Types of Area Networks :
Local Area Network [L.A.N] :
- It covers a very small geographical area like homes, hospitals & schools and is privately owned.
- It offers high speed for data transfer like 100 → 1000 Mbps.
- It has a very short propagation delay.
- It is also very secure.
- It is easy to design, maintain and requires in-expensive hardware.
Metropolitan Area Network [M.A.N] :
- It inter-connects LANs.
- It covers significant geographical areas like cities.
- It sometimes serves as an Internet Service Provider.
- It is hard to design, maintain and is costly so it may be or may not be owned by a single organisation.
- It is designed for customers, to have high-speed connectivity.
- Its delay and data transfer are moderate.
Wide Area Network [W.A.N] :
- It inter-connects MANs.
- It covers large geographical areas like states, countries.
- It is relatively expensive.
- It has a data rate slow as it involves log-distance transmission.
- It has slow speeds [a few Kbps → Mbps].
Open System Interconnection [O.S.I] Model :
- It is a model for understanding and designing a network architecture by the ISO [International Standards Organization].
- It is not a protocol.
- It is used to facilitate communication between different systems without requiring changes to the logic of the underlying hardware and software.
- Aims of OSI model :
- A layer should be created where a different abstraction is needed.
- Each layer should perform a well-defined function.
- The function of each layer should be chosen with an eye toward defining internationally standardised protocols.
- The layer boundaries should be chosen to minimize the information flow across the interfaces.
- The number of layers should be large enough that distinct functions need not be thrown together in the same layer out of necessity and small enough that the architecture does not become unwieldy.
- To remember the order of the layers use “Please [Physical] Do [Data-link] Not [Network] Throw [Transfer] Sausage [Session] Pizza [Presentation] Away [Application]”.
Application Layer
- It is implemented by the network applications.
Presentation Layer
- It will receive the data from the application layer and is extracted and manipulated as per the required format to transmit over the network.
- Translation: It converts the data given by the user to machine code [ASCII → EBCDIC]
- Encryption/Decryption: The data also goes through encryption so that it is only readable to whom the data is being sent.

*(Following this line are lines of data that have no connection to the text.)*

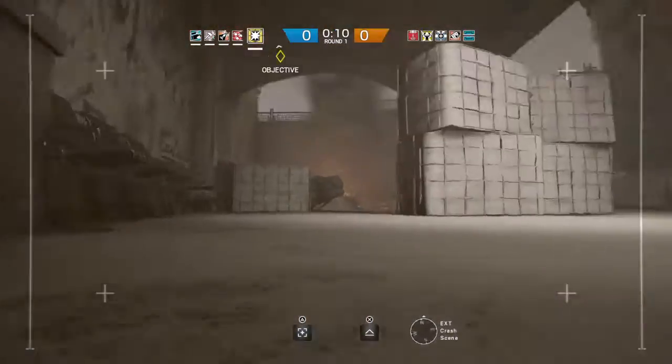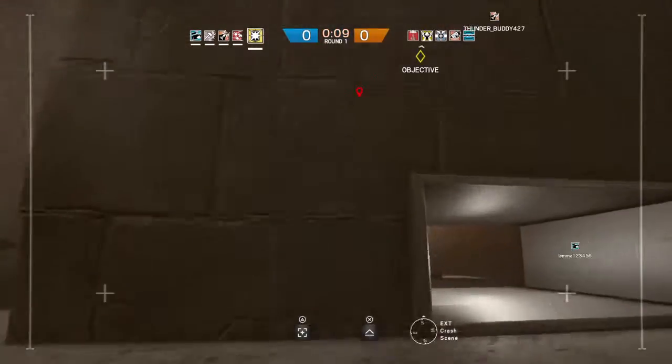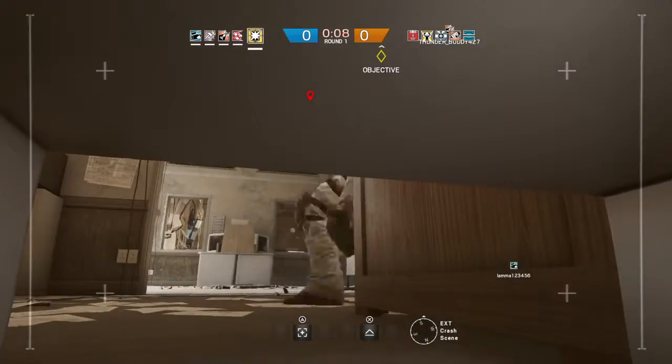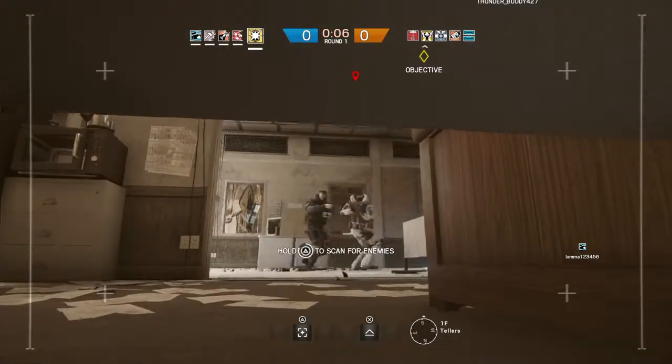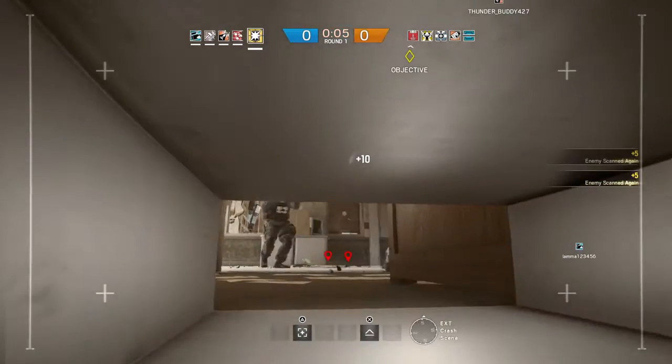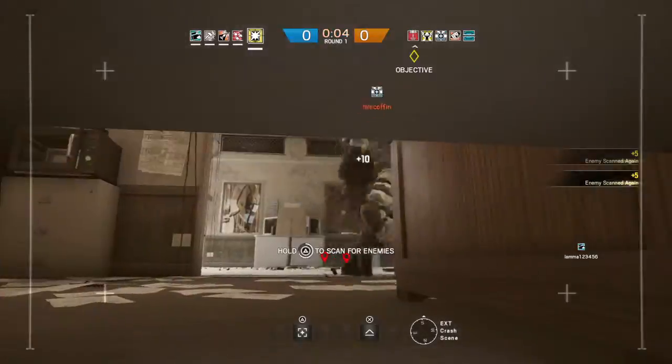10 seconds before insertion. 5 seconds before insertion.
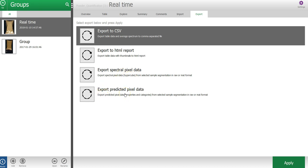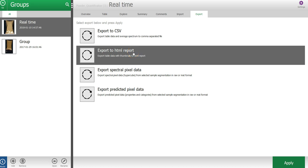You can also export your pixel data as spectral data, which is a hypercube, or as the predicted values. In this case, the percentage of the three powders, but for each pixel. The HTML report can be viewed in the internet browser. It can be easily shared with your colleagues, even if they don't have the Breeze software.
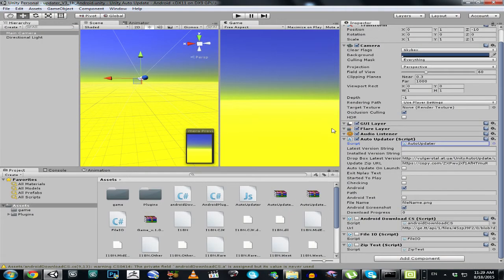Hello everyone. In this video I'm going to show you how my Unity Auto APK updater is working. For those who don't know what I'm talking about, I recommend you click over here to watch a previous video in the same series. For those who do know, just keep watching.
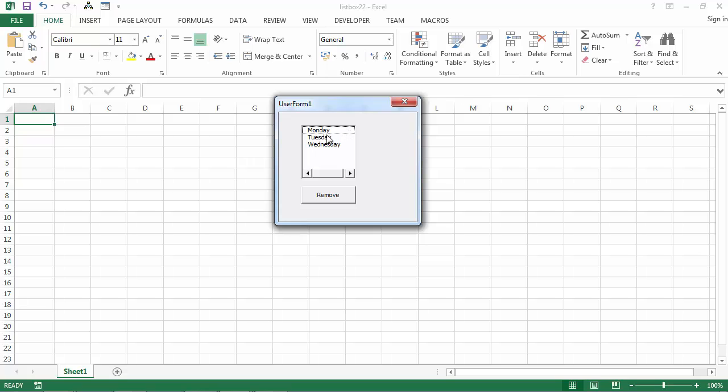If we select Tuesday and click remove, it's removed.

- Compression: The data also gets compressed.
Session Layer
- This layer is responsible for the establishment of connection, maintenance of sessions, authentication and also ensures security.
- Connection-Oriented Service :
- Connection Establishment
- Data Transfer is transferred without any loss
- Termination of the Connection
- It also allows to send a acknowledgement after successful transfer of data to the sender.
- Eg. Downloading Files
- Connection-less Service :
- Connection-less Service allows much faster communication between devices as it is a one-phase process.

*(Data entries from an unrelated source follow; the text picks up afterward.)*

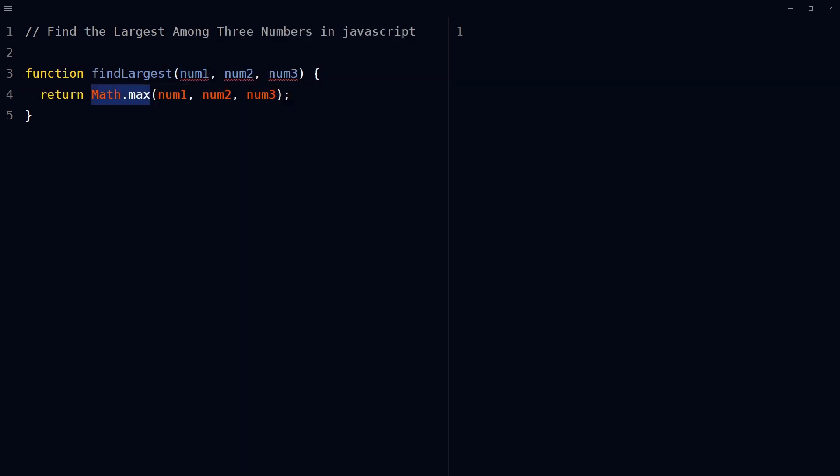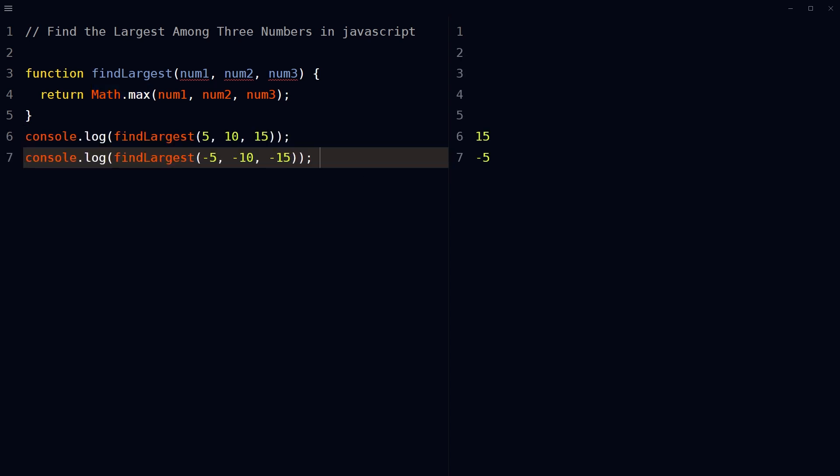Use the built-in Math.max method, which returns the largest number from the given numbers. And that's it. The function takes three arguments num1, num2, num3 and passes them to the Math.max method as input. The Math.max method compares all the arguments passed to it and returns the largest one.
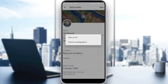As you can see, we have two options: take a photo or choose existing photo. Unfortunately, we don't have the option of removing our profile picture — we don't have this option yet on Twitter.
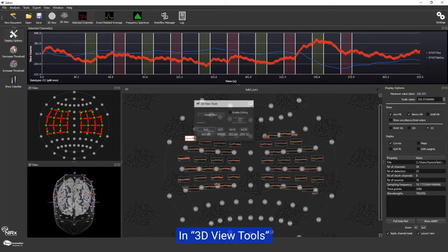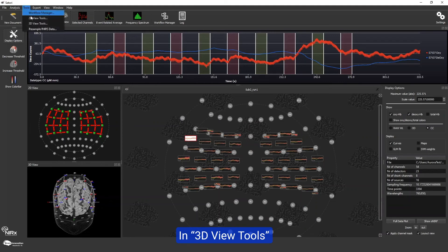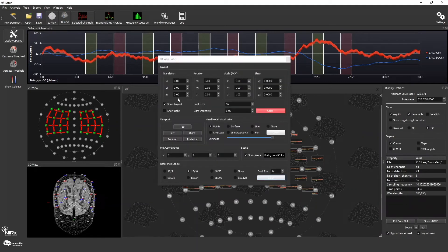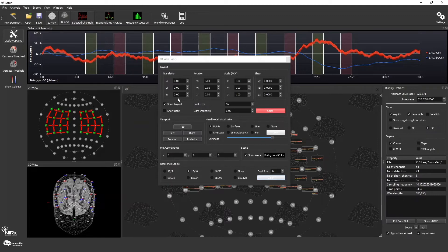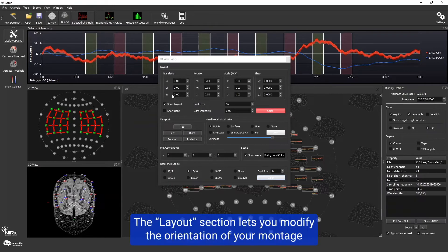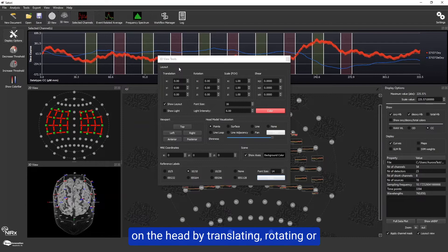In 3D view tools, you can modify many different parameters of the 3D view. The layout section lets you modify the orientation of your montage on the head by translating, rotating, or rescaling it relative to the head in 3D.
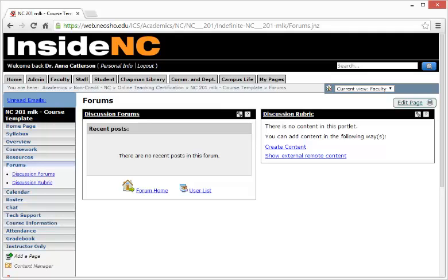Hello and welcome to Inside NC, Neosho County Community College. In this short tutorial, I'll be showing you how to use Inside NC to create a discussion forum.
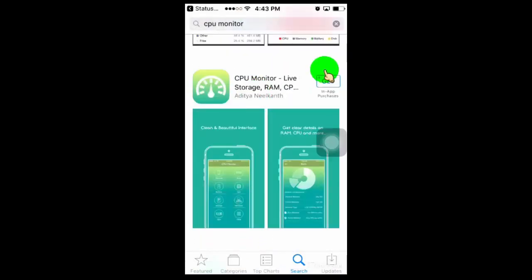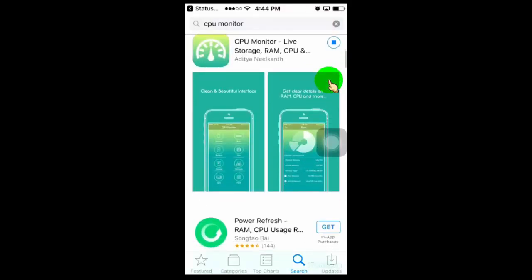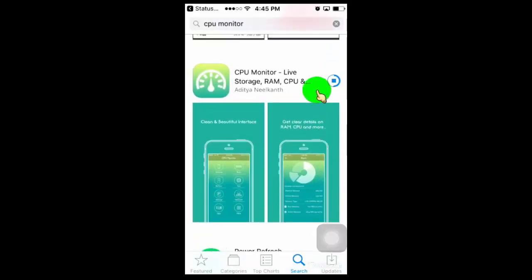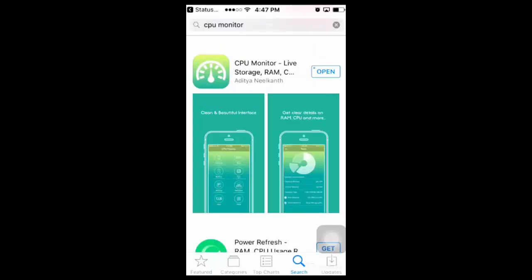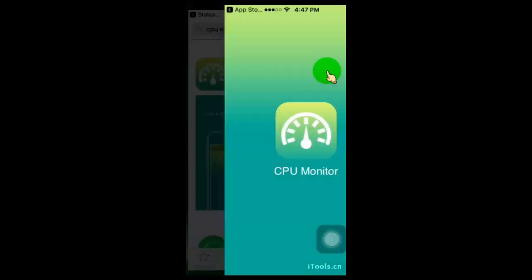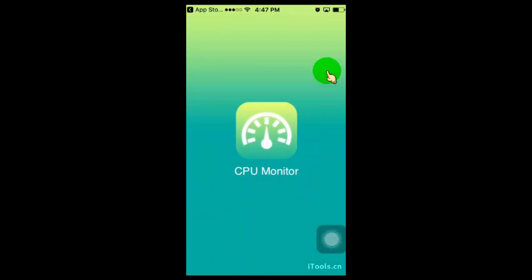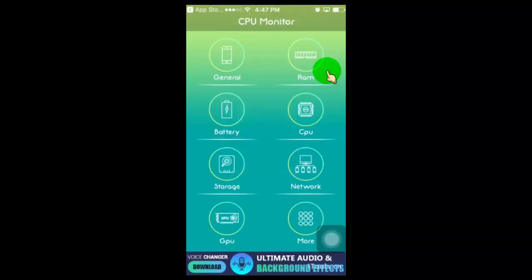Install this app. Once you open this app, you can find all information about your processor. You get complete details on CPU, GPU, RAM, and battery.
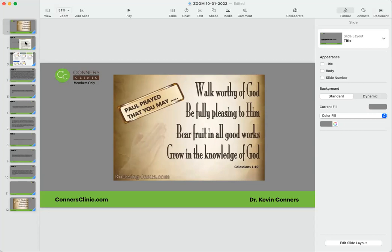All right, reminder of what we're called to do: walk worthy of God, be fully pleasing to Him, bear fruit in all good works, grow in the knowledge of God. This presumes that we are studying His word to know Him better every day.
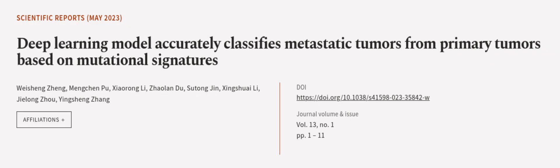This article was authored by Wei Xingxeng, Mengchen Pu, Xiaorong Li, and others.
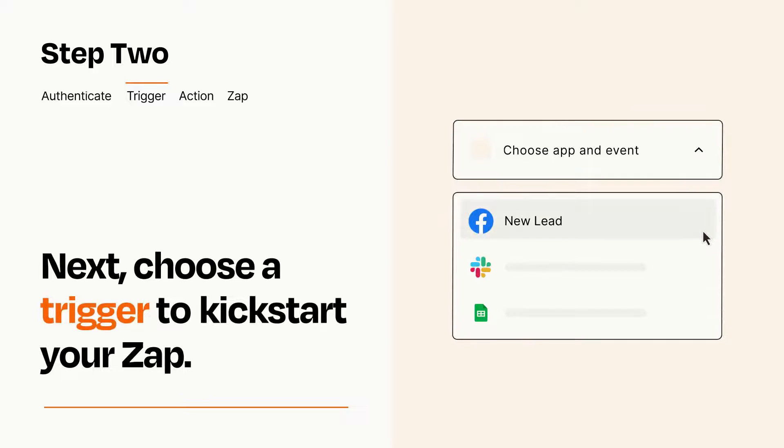Now let's set up your trigger, which is the event that starts your Zap. Pick the trigger event that you want from the list.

- Data Transfer with some loss of data.
- Eg. Video Conference, Gaming
Transport Layer
- It provides services to the application layer and takes services from the network layer.
- It is responsible for End to End Delivery of the complete message.
- It acknowledges successful data transmission and re-transmits the data if an error is found.
- Segmentation and Reassembly :
- It breaks the message into smaller units called Segments.
- Service Point Addressing :
- The Segments have headers, which includes sequence number [so that the data can be reassembled] and port address.
- Flow Control :
- The data rate must be constant on both sides else the day may get corrupted. So, the flow control coordinates the amount of data that would be sent before receiving an acknowledgement.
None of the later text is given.